Defendant was convicted in 1994 upon his plea of guilty of the crime of sodomy in the first degree resulting from his sexual contact, including two acts of oral intercourse and one act of anal intercourse, with a three-year-old boy. At least one of these acts was witnessed by the victim's six-year-old brother. In preparation for his release on parole in August 2002, defendant was evaluated by the Board of Examiners of Sex Offenders (hereinafter Board) to determine his risk level classification pursuant to the Sex Offender Registration Act (see Correction Law art 6-C). Having scored 100 points on the risk assessment index, he was presumptively classified as a risk level II sex offender. Given the circumstances presented by defendant's case history, however, the Board recommended that his risk designation be raised to level III. After considering the case summary submitted by the Board containing the details of defendant's prior criminal and psychological history and following a determination proceeding, County Court increased defendant's risk level assessment score to 110 points and accepted the Board's recommendation that defendant be designated a risk level III sex offender.

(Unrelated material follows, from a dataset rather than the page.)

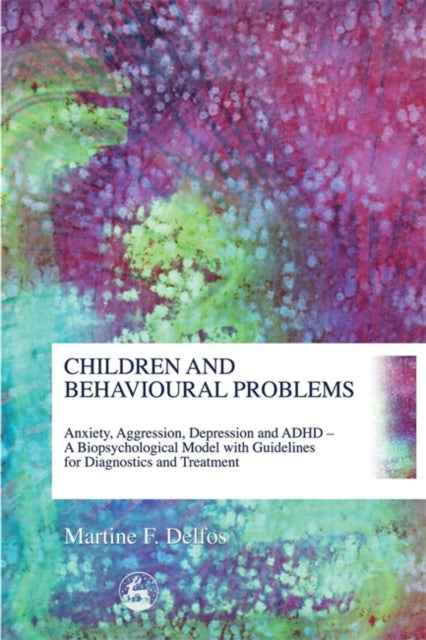 Book cover of: Children and Behavioural Problems. By: Martine F. Delfos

Defendant appeals, contending that he failed to receive adequate notice of the Board's intention to seek an upward departure from the presumptive risk level, in violation of Correction Law § 168-d (3). This assertion is not supported by the record, which discloses that defendant was first placed on notice of the Board's intention to seek a level III designation in the "departure" section of the form submitted by the Board to County Court on or about May 22, 2002, over a month before the determinative hearing held June 28, 2002, giving defendant considerably more than the 15 days' notice required by statute.
We find, in addition, that County Court properly exercised its discretion by elevating defendant's score by 10 points, increasing his sex offender risk status to level III (see People v Roland, 292 AD2d 271, 272 [2002], lv denied 98 NY2d 614 [2002]). Given the three-year-old victim's complaint of pain and obvious "physical helplessness" against the sexual assault of an adult male, together with the undisputed facts contained in defendant's case summary demonstrating that defendant has a lengthy history of mental health issues and emotional problems, the record provides sufficient evidentiary support for the enhancement of his risk classification to level III (see People v Dorato, 291 AD2d 580 [2002]). The remaining arguments raised by defendant have been examined and found to be without merit.
Spain, J.P., Mugglin, Lahtinen and Kane, JJ., concur. Ordered that the judgment is affirmed, without costs.